Acho que estes dois casos seriam suficientes para ilustrar o perfil de um político que não fica à espera que alguma coisa lhe caia no colo. Mas quero ainda dar um outro exemplo, que classifico claramente como um grande serviço ao país.
Hoje, ao contrário do que acontece em outros países europeus, Portugal não sofre de uma profunda divisão em torno da imigração. Apesar das dificuldades, e da óbvia sobrevivência de fenómenos sociais de racismo, Portugal é tido como um país que trata civilizadamente os estrangeiros que acolhe para aqui viverem e trabalharem. O quadro legal é do melhor que há na cena mundial e, socialmente, não há, sequer, lastro para uma extrema-direita racista. Nem, concomitantemente, os partidos "do sistema" têm sido levados a tiradas populistas para aplacar os radicais à custa dos imigrantes. Que isto assim seja - é bom para o nosso país. Ora, nem sempre esteve garantido que isto viesse a ser assim. No início dos anos 1990, quando Cavaco Silva era primeiro-ministro e o Serviço de Estrangeiros e Fronteiras causou, com um excesso de zelo que não interessa agora apurar de onde vinha, um caso escandaloso como o de Vuvu Grace (uma jovem zairense que chegou ao aeroporto da Portela para visitar o marido com a filha de 6 anos e foram retidas pelo SEF por não terem bilhetes de regresso), António Costa não virou a cara. Como advogado que era, levou o caso a tribunal com uma providência cautelar (bem sucedida). E, como deputado por Lisboa, foi, por esses anos, um dos impulsionadores de uma atenção consistente e persistente à questão da imigração, no tempo em que sob o manto do cavaquismo se navegava em águas turvas (desalojados de Camarate, os dentistas brasileiros, a eliminação do asilo pedido por razões humanitárias).
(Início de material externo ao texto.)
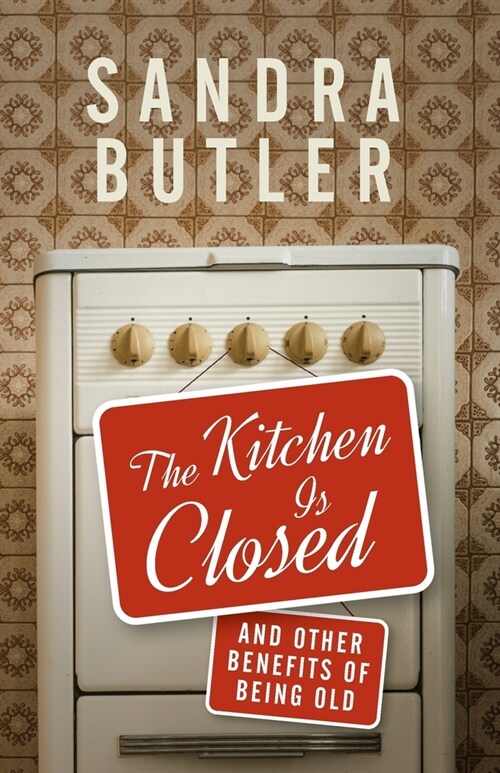 The Kitchen Is Closed: And Other Benefits of Being Old (Paperback)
Paulatinamente, mobilizando (com outros, claro) as comunidades imigrantes para a participação política e desenvolvendo um esforço notável (e bem sucedido) para nos poupar a um dos problemas mais delicados noutros recantos da Europa. Com políticas certas a tempo e horas.
Muitos políticos por essa Europa fora têm fraquejado no tema sensível da imigração. Portugal pode agradecer a vários dos seus políticos do Partido Socialista (com destaque para o José Leitão, que foi Alto Comissário para essas questões) ter pacificado e consensualizado essa frente. E António Costa foi um dos que meteram as mãos nessa tarefa, sem medo de ela queimar, como era o risco evidente.
Dito isto, parece-me de uma desfaçatez inominável que se fale de António Costa como se ele tivesse passado a sua vida à espera que o levem ao colo. Como ele, provavelmente, é demasiado decente para andar a lembrar isto aos esquecidos, achei que tinha eu obrigação de falar. Neste caso, é um gosto reavivar a memória dos que precisam. É uma espécie de caridade aos desmemoriados do PS. Espero que aproveitem. E que decidam parar a campanha de calúnias. Porque é tempo de os socialistas se poderem dedicar em exclusivo aos problemas do país. Engrandecerem-se por resolverem democraticamente as suas diferenças. Porque o melhor do PS é a sua pluralidade.